It is convincing that the limit is 0 since $n$ has one fixed increasing step 1 but $\log(n!)$ has one strictly increasing step $\log n$. This is by seeing the limit as $\lim_{n\to \infty}\frac{\sum_{k=1}^{n}1}{\sum_{k=1}^{n}\log k}$.

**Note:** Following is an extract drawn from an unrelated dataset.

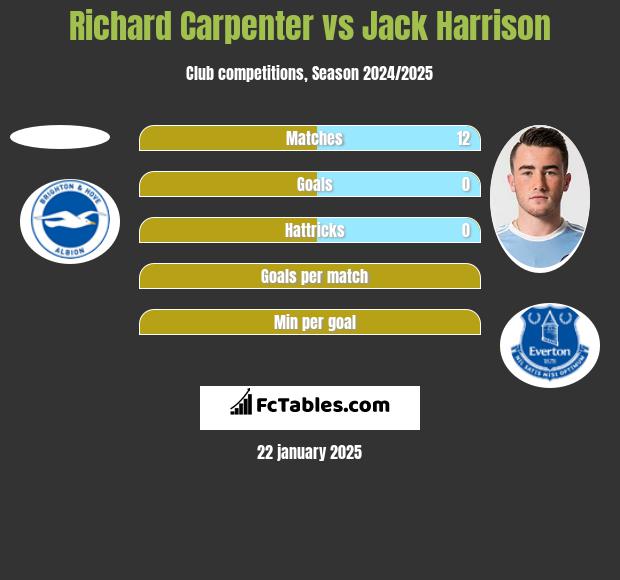 Richard Carpenter vs Jack Harrison h2h player stats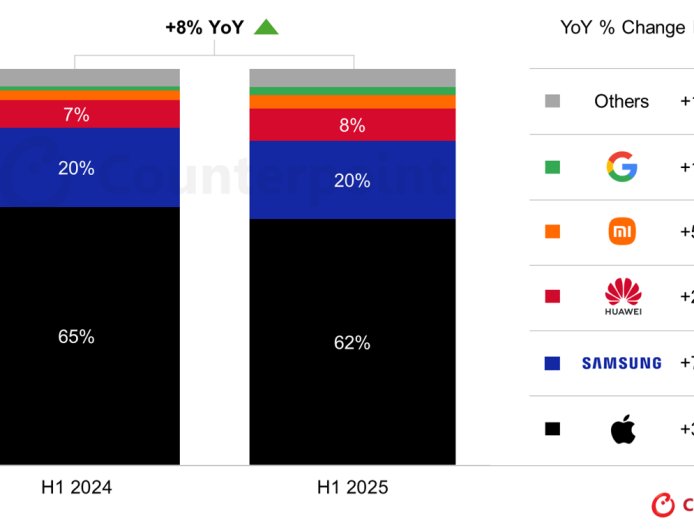CounterPoint 报告 2025 上半年全球高端手机销量:苹果同比增 3%、三星增 7%、华为增 24%、小米增 55%、谷歌增 105%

Wolfram Alpha tells me to use Stirling's approximation. Then is there one way to prove $\lim_{n\to \infty}\frac{n}{\log(n!)}=0$ without using Stirling's approximation? By the above step inspect, it seems that we can use Squeeze theorem where one direction $\frac{n}{\log(n!)}\ge 0$ is trivial.
Best Answer
We have that $$\dfrac{n}{\ln(n!)}=\dfrac{n}{\ln(2)+\ln(3)+\cdots+\ln(n)}$$
where both $a_n=n$ and $b_n=\ln(2)+\ln(3)+\cdots+\ln(n)$ are strictly increasing sequences that diverge to $+\infty$.
We can see that $$\dfrac{a_{n+1}-a_n}{b_{n+1}-b_n}=\dfrac{1}{\ln(n+1)}\to 0$$
By the Stolz-Cesàro theorem, $\dfrac{a_n}{b_n}\to 0$.